Someone just made off with roughly $14.2 million in SOL tokens from a wallet connected to Solana’s genesis distribution. The attacker, or attackers, executed a methodical sequence: unstake the tokens, then bridge them over to Ethereum, effectively moving the funds off the Solana chain entirely.
What happened
The irregular activity involved a series of unstaking transactions followed by cross-chain transfers. Someone gained access to a wallet holding staked SOL, pulled the tokens out of staking, and then used a bridge protocol to shuttle the assets over to Ethereum.
The specific bridge protocol used in this case hasn’t been publicly identified. Neither has the exact wallet address, the method of compromise, or the identity of whoever was behind it. What is known is that the loss totals approximately $14.2 million, and the wallet had direct ties to Solana’s genesis distribution.
Genesis distribution refers to Solana’s initial non-circulating token allocations. These were tokens set aside at the network’s launch for early backers, the Solana Foundation, ecosystem development, and other foundational purposes.

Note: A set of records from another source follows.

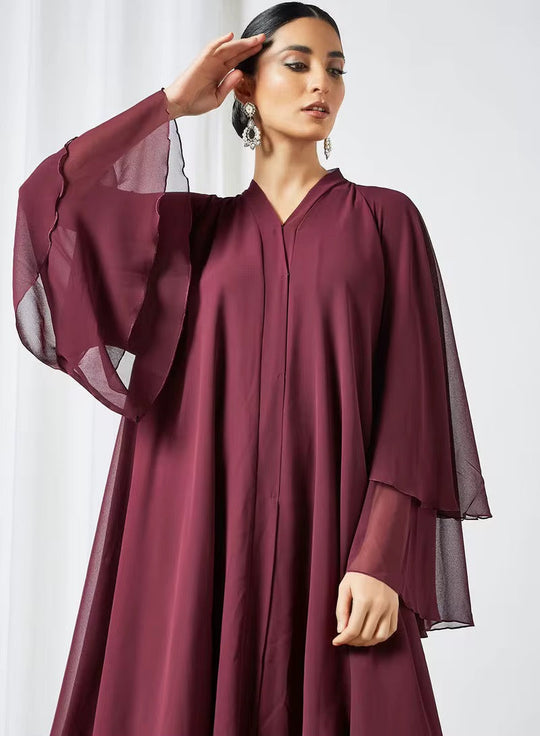Chiffon Ladies Princess Dress Abaya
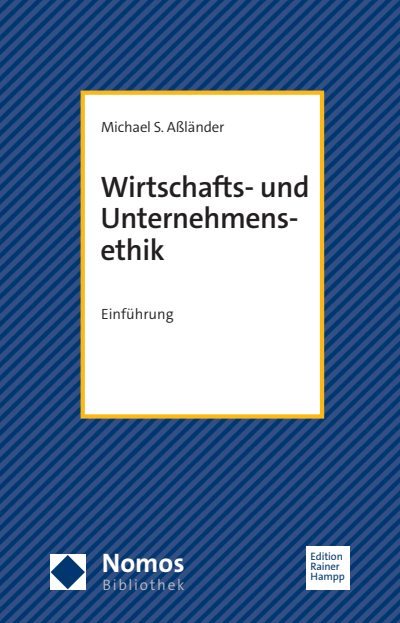 Cover des Buchs: Wirtschafts- und Unternehmensethik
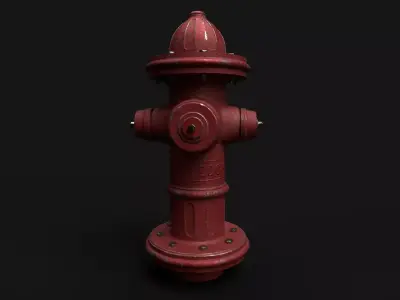 Fire Hydrant  Free low-poly 3D model purchase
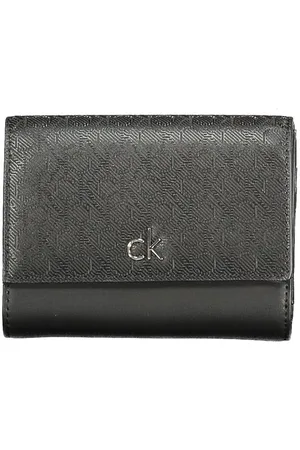 Calvin Klein Femme, Accessoires, Noir, Taille: ONE Size Portefeuille Femme Noir Rfid Polyester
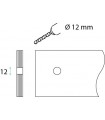 Poignée bouton disque inox brossé Poignée bouton disque inox brossé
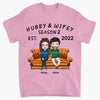 Personalized T-shirt - Gift For Couple - Hubby And Wifey Season Married Couple ARND037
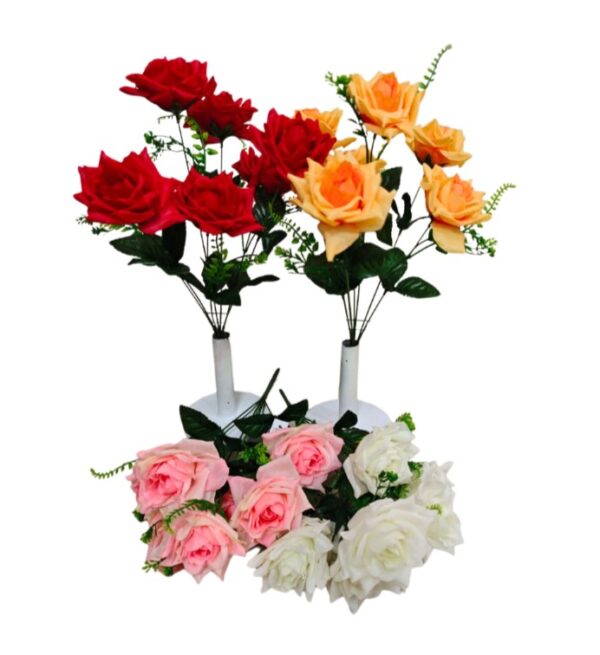 RAMO DE ROSAS X7 SURTIDAS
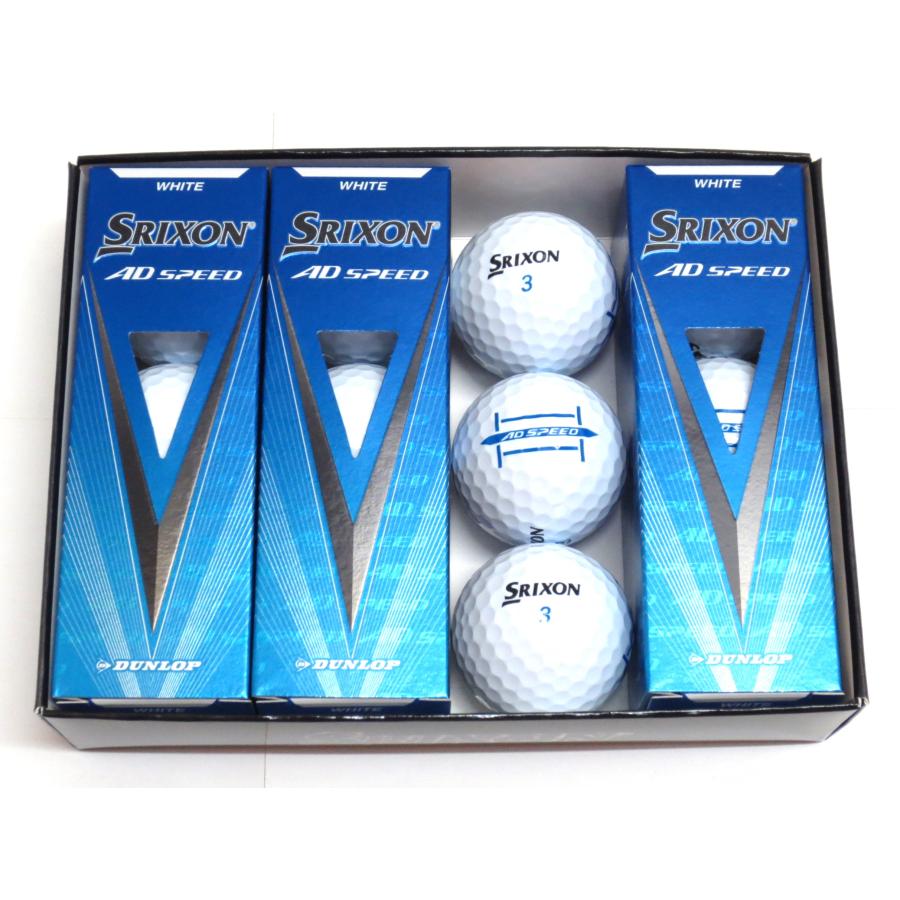 新品★ダンロップ★スリクソン AD スピード ボール★SRIXON AD SPEED★2024★アライメント★ホワイト★1箱★12球★1ダース｜fullshot-moriyama｜02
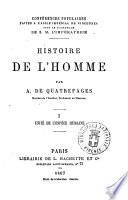 Histoire de l'homme par A. de Quatrefages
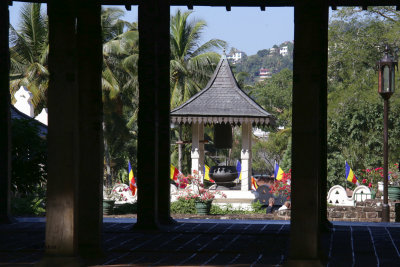 In the Temple of the Tooth, Kandy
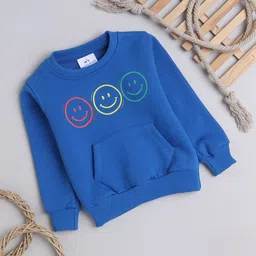 Knitting Doodles Kids Printed Fleece Sweatshirt-picture-13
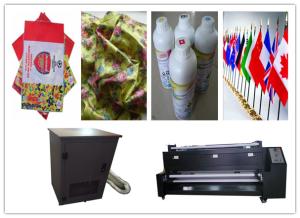 China 1.8m Digital Dye Sublimation Machine To Fix The Color Of Fabric factory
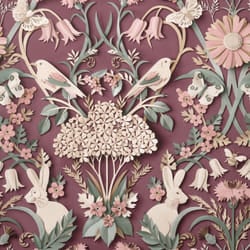 Fine Decor Woodland Plum Wallpaper FD42949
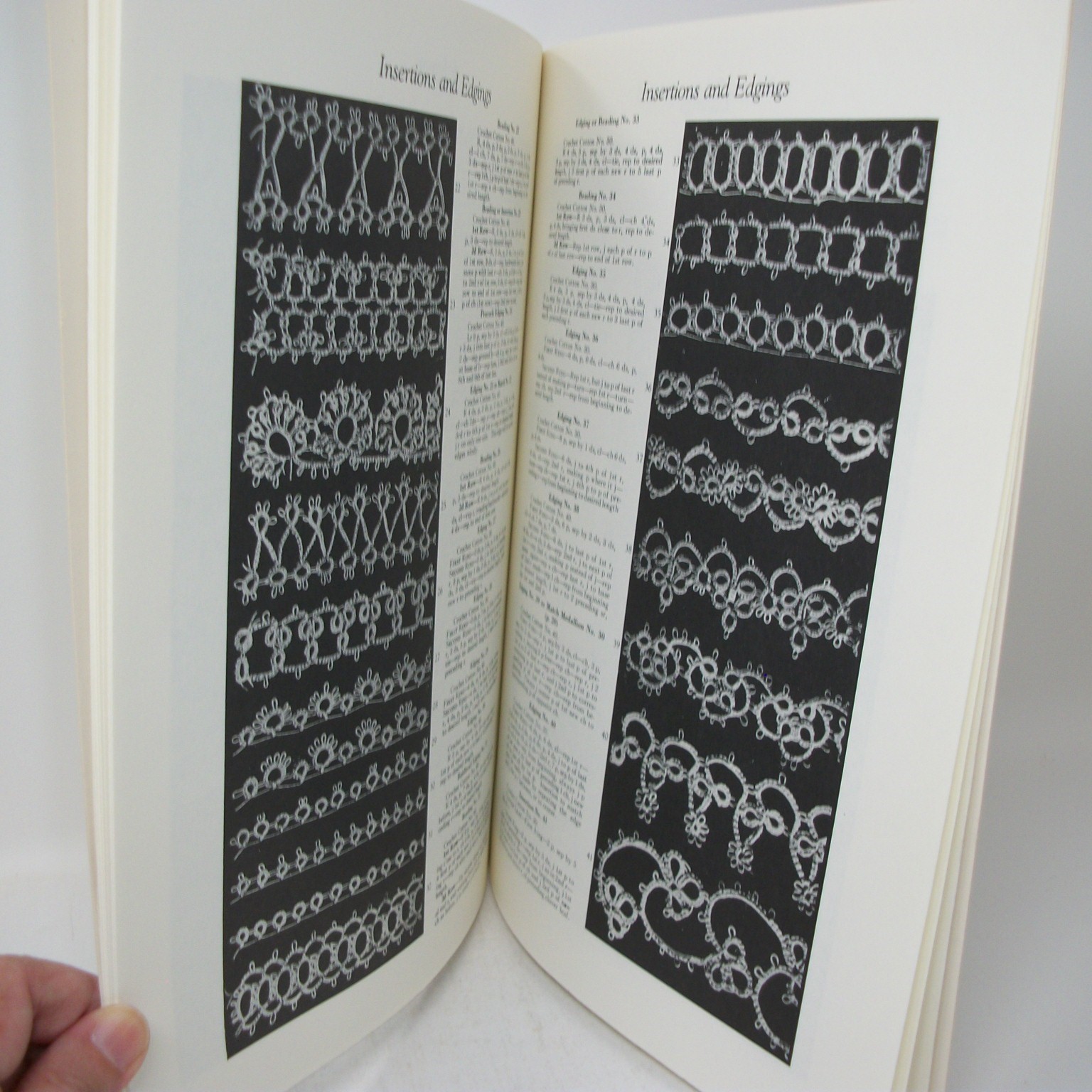 Tatting with Anne Orr Book Dover Needleworks Series Lace Edgings Medallions
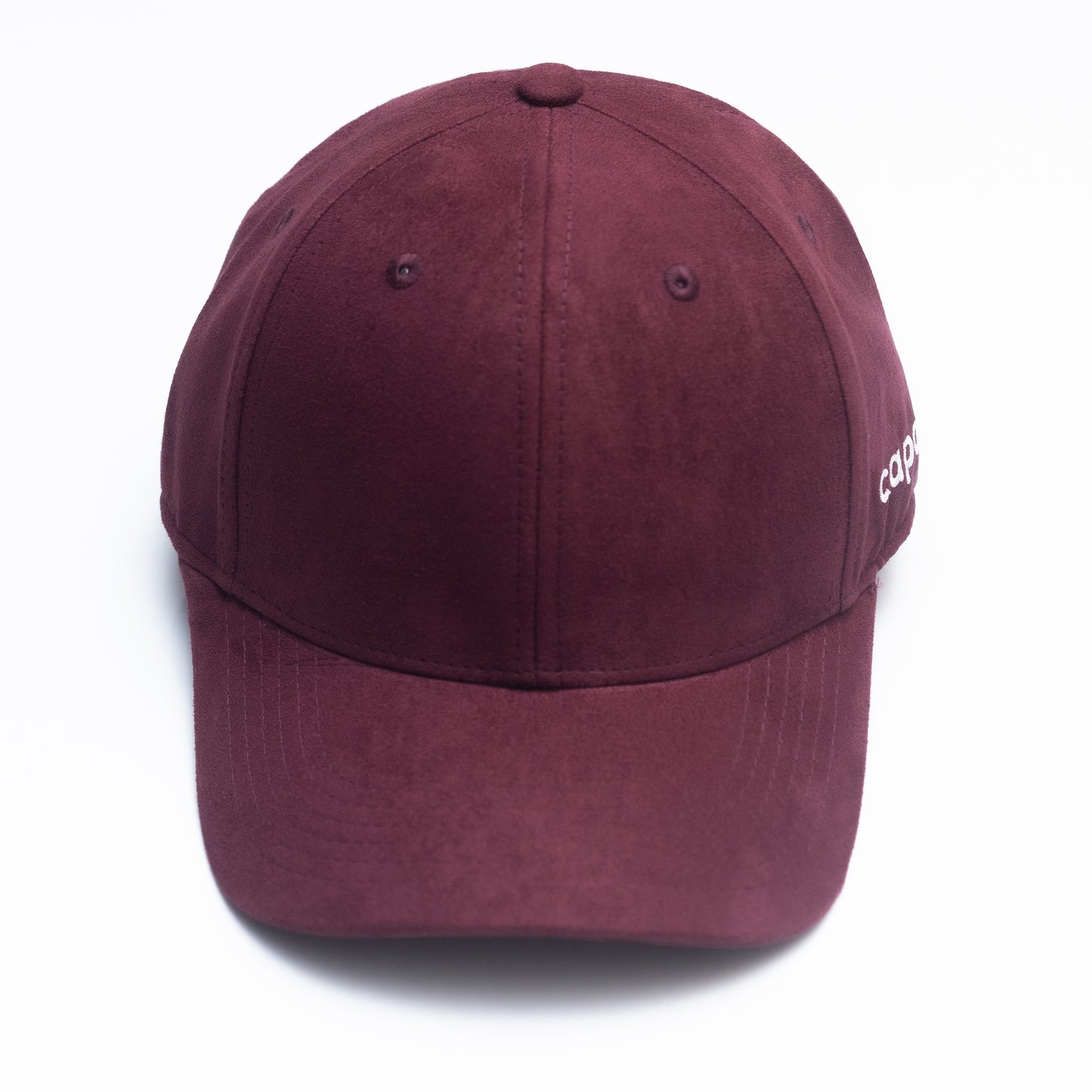 DEEP MAROON Suede Cap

The attack vector remains unclear
Nobody has confirmed exactly how the attacker gained access. The three most likely scenarios are private-key compromise, a phishing attack, or exploitation of a smart-contract vulnerability. The pattern of unstaking followed by bridging is consistent with private-key theft. An attacker who controls the keys can do whatever the legitimate owner could do, including unstaking and moving funds freely.
This isn’t the first time Solana-linked wallets have been hit with this exact playbook. Previous incidents in the ecosystem have followed remarkably similar sequences, suggesting that attackers have identified this as an efficient method for extracting and laundering stolen SOL.
What this means for investors
So far, there’s no indication that this incident has triggered a broader sell-off in SOL or meaningfully impacted market prices. There is no evidence of a wider attack campaign targeting multiple genesis wallets or any vulnerability in the Solana protocol itself.
If the attacker attempts to liquidate through centralized exchanges, there’s a chance some portion could be frozen or recovered. If they route through mixers or decentralized protocols, recovery becomes exponentially harder.